What this task involves ▸
Every line below needs to be transcribed without alteration, and no image may be carried over.

Exercise material ▸
====================
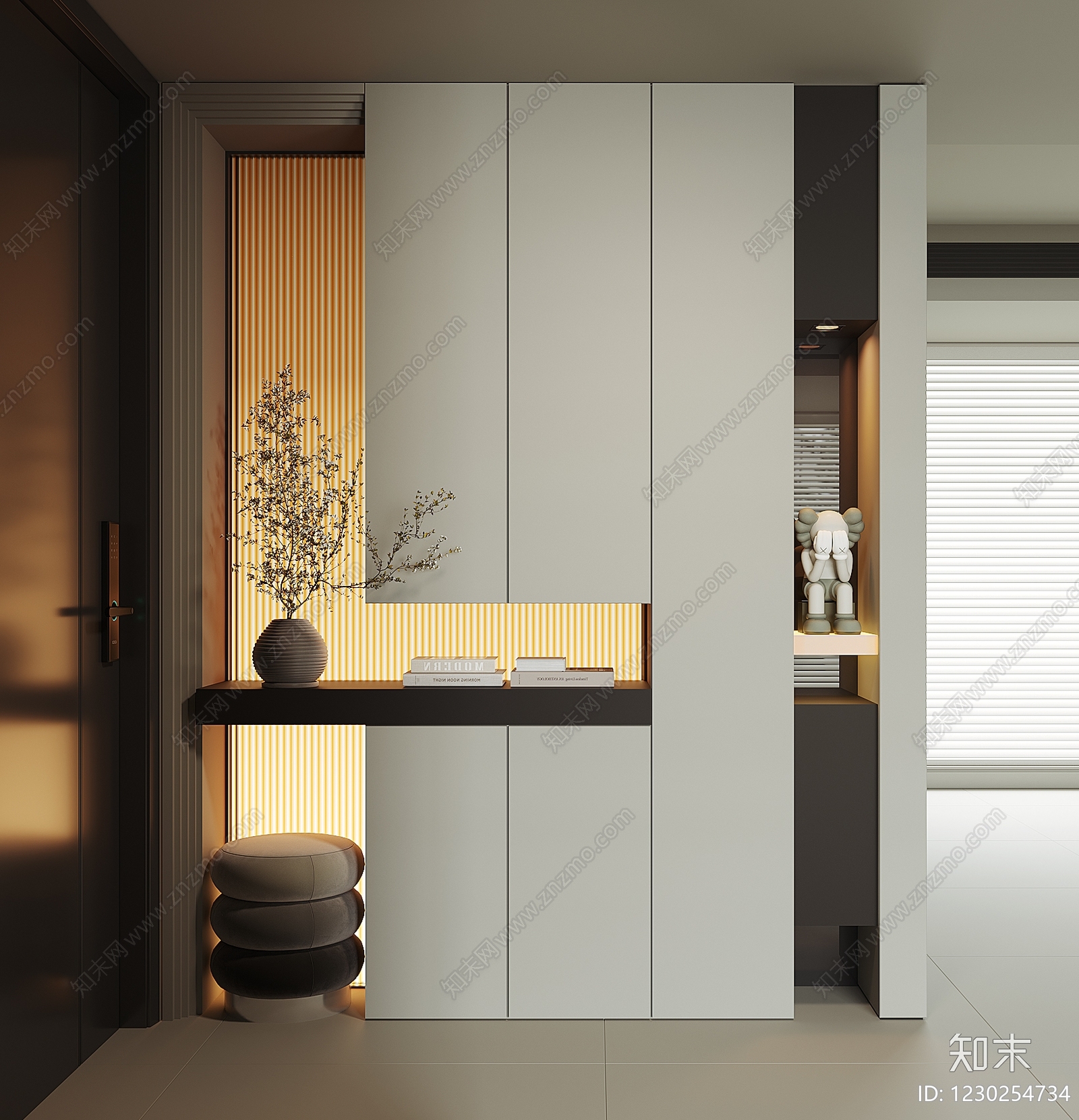 现代简约玄关柜SU模型下载【ID:1230254734】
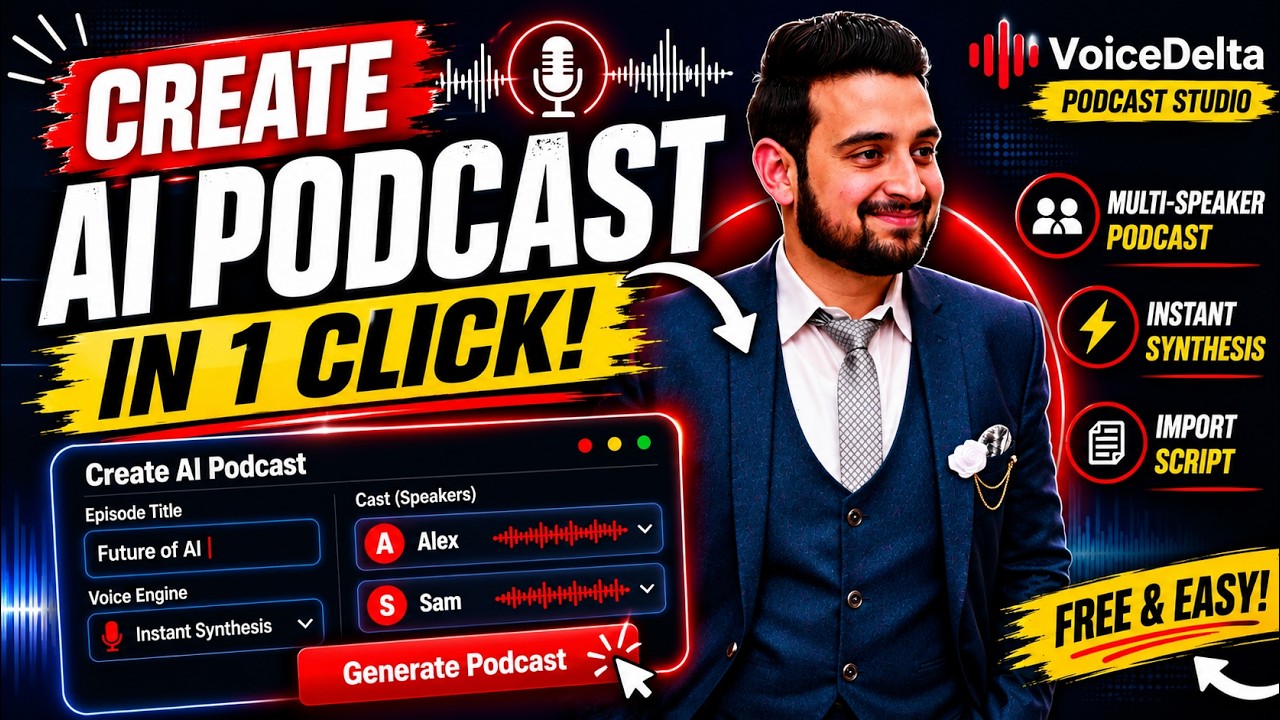 Create AI Podcasts in 1 Click (FREE) | Multi-Speaker AI Podcast Generator | VoiceDelta Tutorial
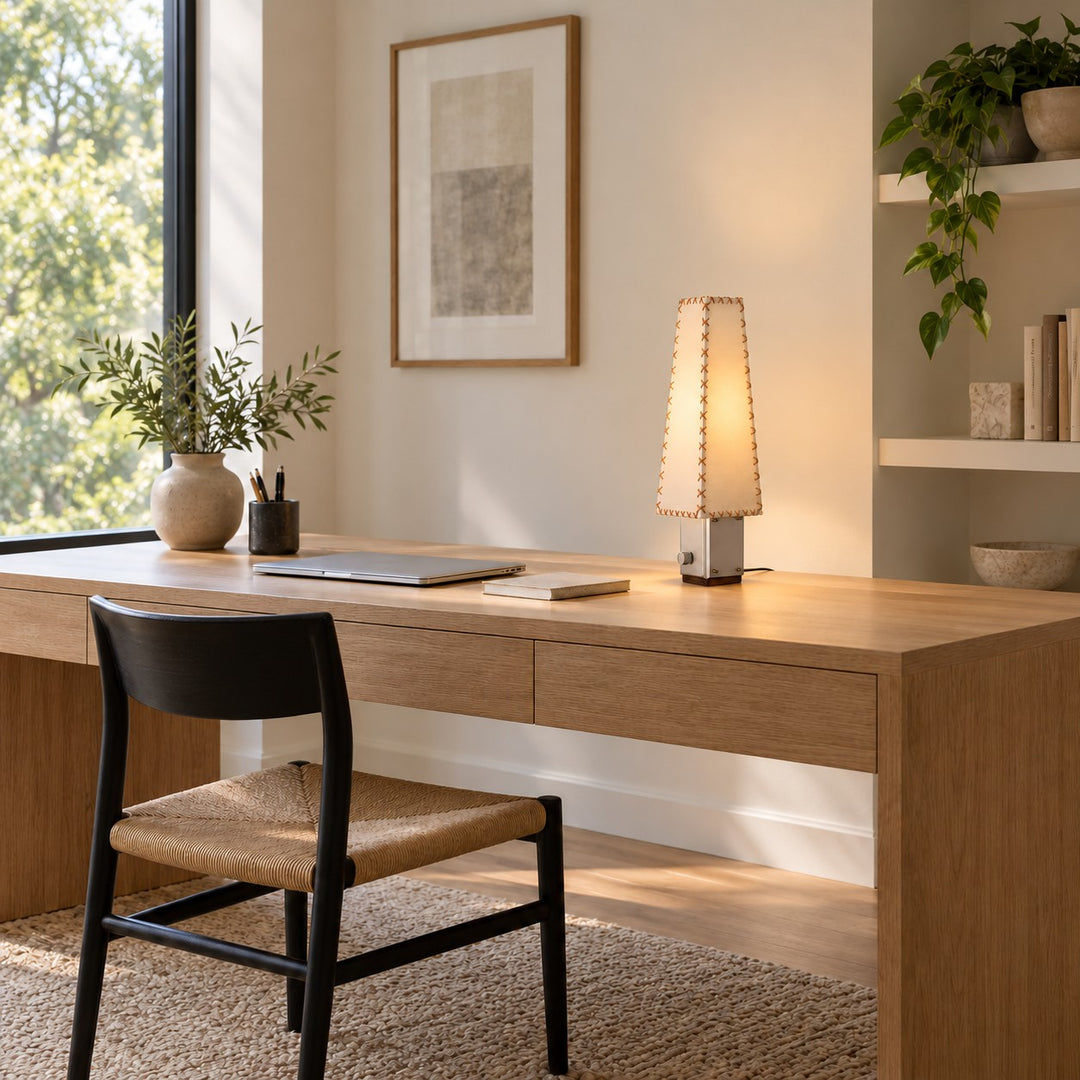 Contemporary Table Lamp with Iron and Walnut Base and Parchment Shade for Living Room Lighting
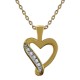 Pendentif Coeur Plaqué or 18 carats et Oxydes de Zirconium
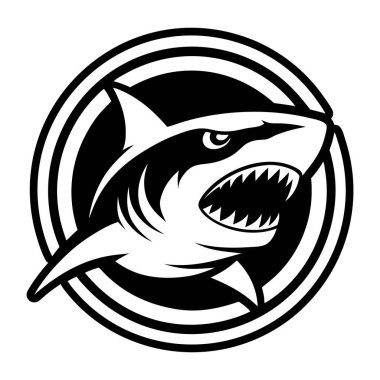 Köpekbalığı logosu vektör illüstrasyon tasarımı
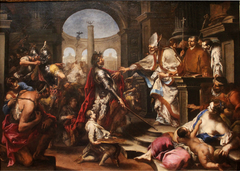 Theodosius Repulsed from the Church by Saint Ambrose by Alessandro Magnasco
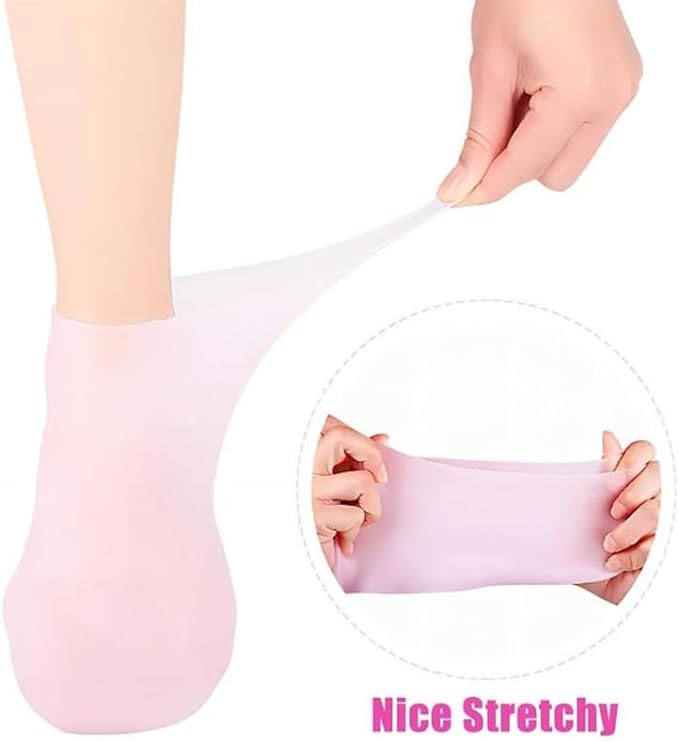 Silicone Socks, Moisturizing Gel Socks, Heel Care, Socks, Moisturizing, Exfoliating Care, Prevents Cracks, Prevention, Protection, Pain Relief, Stretch, Cracking, Cracking, Unisex, White - NewNest Australia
====================
Output of the task ▸
 现代简约玄关柜SU模型下载【ID:1230254734】
 Create AI Podcasts in 1 Click (FREE) | Multi-Speaker AI Podcast Generator | VoiceDelta Tutorial
 Contemporary Table Lamp with Iron and Walnut Base and Parchment Shade for Living Room Lighting
 Pendentif Coeur Plaqué or 18 carats et Oxydes de Zirconium
 Köpekbalığı logosu vektör illüstrasyon tasarımı
 Theodosius Repulsed from the Church by Saint Ambrose by Alessandro Magnasco
 Silicone Socks, Moisturizing Gel Socks, Heel Care, Socks, Moisturizing, Exfoliating Care, Prevents Cracks, Prevention, Protection, Pain Relief, Stretch, Cracking, Cracking, Unisex, White - NewNest Australia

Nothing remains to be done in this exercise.